A “perfect” cast lampoons the innocent entertainments of a simpler time in the Vancouver premiere of the Tony Award-winning musical, The Drowsy Chaperone.

A “perfect” cast lampoons the innocent entertainments of a simpler time in the Vancouver premiere of the Tony Award-winning musical, The Drowsy Chaperone.

Raucous, high-energy ‘Chaperone’ anything but drowsy

The Drowsy Chaperone, the happiest accidental success in Canadian theatre history, tore a whirlwind path from stag-party goof to Tony Award-winning Broadway smash. Now, seven dizzying years after making its debut at the Toronto Fringe Festival, Chaperone finally tap-dances its way onto a Vancouver stage in the show’s first-ever independent production.

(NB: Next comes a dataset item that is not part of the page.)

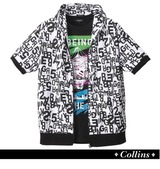COLLINS パーカー半袖+Tシャツ半袖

Easily one of the highlights of the city’s theatre year, Chaperone is a loving send-up and celebration of musicals from days gone by. Fashioned as a play-within-a-play, it’s narrated by Man in Chair (a show-stealing Jay Brazeau, equally hilarious and touching), a Broadway aficionado suffering from unspecified sadness. Putting on a cast recording, he’s transported from his drab New York apartment into the world of his all-time favourite trifle, The Drowsy Chaperone, a typical 1920s -style romantic comedy chock full of mistaken identities and silly twists. The plot, such as it is, revolves around getting a glamourous stage star (Debbie Timuss) to the altar, all under the neglectful, gin-soaked eye of her chaperone (Gabrielle Jones).

Cast perfectly, there are a few performers — and numbers — worth highlighting. Timuss is charmingly funny as the woman caught between her addiction to fame and her desire to be with the man of her dreams (particularly during the sidesplitting “The Bride’s Lament”). Jones is great as the boozy chaperone who lives entirely in her own world, as demonstrated in her passionate number “As We Stumble Along.” In fact, almost every song offers a pleasant surprise, from the tap-dance between the groom-to-be and the best man during “Cold Feet,” to the irreverent “Message from a Nightingale,” a mocking admission of Broadway’s racist past.

Chaperone’s only notable fault is that, occasionally, words sung in the lower registers get lost, whether overpowered by the onstage band or through strange blocking, where an actor is momentarily singing with his/her back to the audience. This snag only stands out because the rest of the production, from choreography to costuming, is so damn good.

It may have taken seven years, but The Drowsy Chaperone was well worth the wait.